# Surf fishing at Garden City Beach



## granddaddy (Sep 23, 2004)

My wife and i went surf Fishing at garden city beach in front of the 
Water's Edge hotel. We started at 4:30pm with a clear beach in front of
us. (No simmers) After we made several cast surf boarders started to come
in right in front of us. Plenty of space on either side, but they chose to 
surf where we were fishing. Their parents were sitting on the beach watching. I kindly ask if they would move from where we had our fishing 
lines out. No good. 

We just purchased our out of state fishing licenses so we could fish in the
surf. This ticks me off since we paid to fish and the surfers do not pay 
anything to surfboard. 

Does anyone feel the same as I do??


----------



## GCGuy (Oct 22, 2008)

I think that you'll see a lot of folks agreeing with you; I wrote of a similar occasion earlier in the summer. Most of the younger group that surf here have a tendency to share and share alike; it can be the body boarders who are inconsiderate (along with their parents...the "hey!!! we're on vacation, the hell with everone else" school of thought). 
Surfers know that some fishermen will gladly chuck a 4 oz. weight their way, so they obey the 300' from the pier rule, but others......

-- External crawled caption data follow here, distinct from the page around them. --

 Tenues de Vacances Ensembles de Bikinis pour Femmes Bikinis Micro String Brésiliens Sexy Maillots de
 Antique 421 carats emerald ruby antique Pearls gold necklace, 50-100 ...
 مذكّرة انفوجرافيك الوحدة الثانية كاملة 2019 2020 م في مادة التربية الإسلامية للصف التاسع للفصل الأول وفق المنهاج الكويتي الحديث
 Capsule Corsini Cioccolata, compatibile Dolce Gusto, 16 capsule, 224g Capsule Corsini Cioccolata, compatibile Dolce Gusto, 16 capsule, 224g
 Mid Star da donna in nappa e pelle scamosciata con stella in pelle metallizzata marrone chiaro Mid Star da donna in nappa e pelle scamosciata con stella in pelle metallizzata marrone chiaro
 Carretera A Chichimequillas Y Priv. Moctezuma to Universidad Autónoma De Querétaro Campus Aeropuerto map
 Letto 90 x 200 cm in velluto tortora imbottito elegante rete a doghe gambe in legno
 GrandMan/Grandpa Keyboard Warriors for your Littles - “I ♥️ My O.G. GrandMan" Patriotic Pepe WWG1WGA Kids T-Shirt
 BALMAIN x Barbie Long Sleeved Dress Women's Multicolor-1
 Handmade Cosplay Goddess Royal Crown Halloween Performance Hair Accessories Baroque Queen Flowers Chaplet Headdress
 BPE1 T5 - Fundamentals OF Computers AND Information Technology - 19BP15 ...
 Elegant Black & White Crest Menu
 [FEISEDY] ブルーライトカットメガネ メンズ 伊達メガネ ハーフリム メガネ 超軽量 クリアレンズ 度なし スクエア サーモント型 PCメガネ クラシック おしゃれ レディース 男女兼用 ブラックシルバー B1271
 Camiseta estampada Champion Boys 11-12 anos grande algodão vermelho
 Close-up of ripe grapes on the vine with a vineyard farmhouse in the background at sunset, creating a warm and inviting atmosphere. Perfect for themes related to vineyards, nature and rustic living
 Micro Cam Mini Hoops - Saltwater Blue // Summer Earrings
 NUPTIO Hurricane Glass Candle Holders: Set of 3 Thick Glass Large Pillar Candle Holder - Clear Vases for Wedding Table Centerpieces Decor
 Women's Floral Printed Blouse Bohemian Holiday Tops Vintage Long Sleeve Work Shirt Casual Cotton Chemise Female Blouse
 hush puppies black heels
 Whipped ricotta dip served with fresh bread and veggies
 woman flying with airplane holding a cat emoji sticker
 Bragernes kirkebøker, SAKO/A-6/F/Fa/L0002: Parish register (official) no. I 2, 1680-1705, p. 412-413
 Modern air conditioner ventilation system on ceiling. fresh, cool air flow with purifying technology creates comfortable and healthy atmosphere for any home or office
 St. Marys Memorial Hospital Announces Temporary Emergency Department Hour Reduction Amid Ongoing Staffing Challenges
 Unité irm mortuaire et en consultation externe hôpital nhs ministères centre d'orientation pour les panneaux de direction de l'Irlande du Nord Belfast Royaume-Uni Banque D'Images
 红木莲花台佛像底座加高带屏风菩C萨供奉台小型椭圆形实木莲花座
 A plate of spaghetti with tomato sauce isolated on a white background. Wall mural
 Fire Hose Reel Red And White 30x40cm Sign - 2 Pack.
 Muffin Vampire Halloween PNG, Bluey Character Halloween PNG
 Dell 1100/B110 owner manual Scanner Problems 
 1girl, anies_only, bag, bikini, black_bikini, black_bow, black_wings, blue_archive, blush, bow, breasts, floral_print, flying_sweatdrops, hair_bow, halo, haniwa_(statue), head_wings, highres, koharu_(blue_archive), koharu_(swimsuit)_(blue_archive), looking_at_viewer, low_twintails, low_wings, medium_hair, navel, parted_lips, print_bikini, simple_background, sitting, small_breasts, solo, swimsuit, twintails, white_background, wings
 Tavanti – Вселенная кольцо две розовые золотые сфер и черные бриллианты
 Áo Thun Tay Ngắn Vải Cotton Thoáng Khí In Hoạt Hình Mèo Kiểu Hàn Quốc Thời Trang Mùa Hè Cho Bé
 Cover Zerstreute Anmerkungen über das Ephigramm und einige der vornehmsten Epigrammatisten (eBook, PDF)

Anyway, don't let it get you down; acccording to the time on your post, it happened about 1/2 hour ago. I say go back, go fishing, and move if necessary. But don't let them make you just sit in the room.

:beer: :fishing:

GC


----------



## c0ch3s3 (Jul 10, 2009)

thats pretty typical. a couple weeks ago i had a couple surfers get in the water right in front of me saying "we will be out of your way real quick." they couldnt move quick enough when a "warning shot" with my sinker landed right next to one of them. now, these were older guys, not little kids. ive tried to ask parents to move their kids too with no luck. now i just yell at the kids to move myself. thats when the parents finally decide to "get involved." and thats when i remind the parents to pay attention. happens the same way every time.


----------



## Salt in My Veins (Apr 22, 2009)

Basically, granddaddy, you are on vacation too. If you are there first, it always helps to say, "Do what you want, but the fish are here, not down the beach. Besides, I'd be careful right here. I just pulled out a 4 ft. hammerhead." Yeah, it happens.


----------



## captmark (Oct 10, 2008)

Had the same from some down at pawleys awhile back, we were 
sharking. Told the parents what we doing, and they didn't care
for about twenty more min. Then we land a 5'4" blacktip.
Told them to keep splashing around, really helps draw them in closer.
The woman started crying and wanted to know if there were
more sharks in the water. Duh, it's the ocean. Needless to say
they packed up got out of there in a hurry. If the surfer's come
around it's time to re-bait with double-drops and heavy lead.
They usally get the message right away. They will move!


----------



## bluefish1928 (Jun 9, 2007)

captmark said:


> Had the same from some down at pawleys awhile back, we were
> sharking. Told the parents what we doing, and they didn't care
> for about twenty more min. Then we land a 5'4" blacktip.
> Told them to keep splashing around, really helps draw them in closer.
> ...


some ppl never fail to entertain me, especially those that freak out when they see a blacktip shark


----------



## kooler (Nov 2, 2006)

yea when you land that blacktip and the inconsiderates look at you, just shrug your shoulders and tell them ''hey man its a shark's world, we are just living in it'', and then just grin at them as you release the shark.


----------



## captmark (Oct 10, 2008)

Swim in the ocean, you become part of the food chain!


----------



## BubbaHoTep (May 26, 2008)

captmark said:


> . . . . Then we land a 5'4" blacktip.
> Told them to keep splashing around, really helps draw them in closer.
> The woman started crying and wanted to know if there were
> more sharks in the water. Duh, it's the ocean. Needless to say
> they packed up got out of there in a hurry. . . .


 That is hilarious - the keep spashing part LOL Great Job!


----------



## granddaddy (Sep 23, 2004)

Thanks to all who replied to my post. I feel better, will take your advice
and keep on fishing. BTW I did catch a few whiting.


----------